Éduc’alcool souhaite voir davantage de barrages policiers sur les routes afin d'aider à dissuader la conduite avec les facultés affaiblies

Éduc’alcool plaide pour une augmentation des barrages policiers

Le directeur général d’Éduc’alcool, Hubert Sacy, souhaite voir davantage de barrages policiers sur les routes, une façon d’aider à dissuader la conduite avec les facultés affaiblies, a-t-il fait valoir.

« Il y a toujours du monde qui manque de jugement, qui est irresponsable, et il faut systématiquement avoir des barrages policiers, bien plus que ce que nous voyons actuellement », a lancé M. Sacy, tout en précisant qu’un sondage de 2017 de son organisation révèle que les deux tiers des Québécois n’ont pas vu un barrage policier au cours des douze mois précédents.
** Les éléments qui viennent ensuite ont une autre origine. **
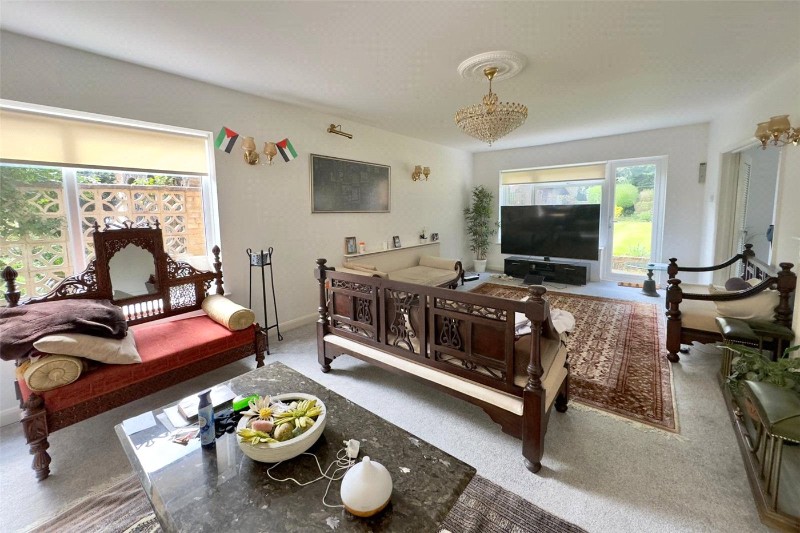 Lakeside Drive, Stoke Poges, Bucks, SL2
«La crainte est le commencement de la sagesse, a philosophé M. Sacy. Ce qui est déterminant dans le changement des comportements, particulièrement en matière d’alcool au volant, c’est la perception qu’on va se faire arrêter si on conduit avec les facultés affaiblies. Cette perception n’est pas très forte au Québec. Tant que les gens n’auront pas cette perception, on aura de la difficulté à améliorer le bilan routier et ce, même si au cours des vingt dernières années le bilan n’a pas cessé de s’améliorer. Il y a de moins en moins de conduite avec les facultés affaiblies même s’il y a plus de voitures sur les routes.»

Des données de 2015 de Statistique Canada révèlent que Gatineau affichait un taux de 181 dossiers d’alcool au volant pour 100 000 habitants, soit sous la moyenne nationale de 201 dossiers. En 2016, on a répertorié 570 dossiers de conduite avec les facultés affaiblies par l’alcool à Gatineau.

M. Sacy réclame toujours de Québec que soit rendu obligatoire le programme Action Service pour les serveurs des établissements licenciés afin qu’ils sachent comment empêcher les gens de trop boire et de prendre le volant après avoir consommé.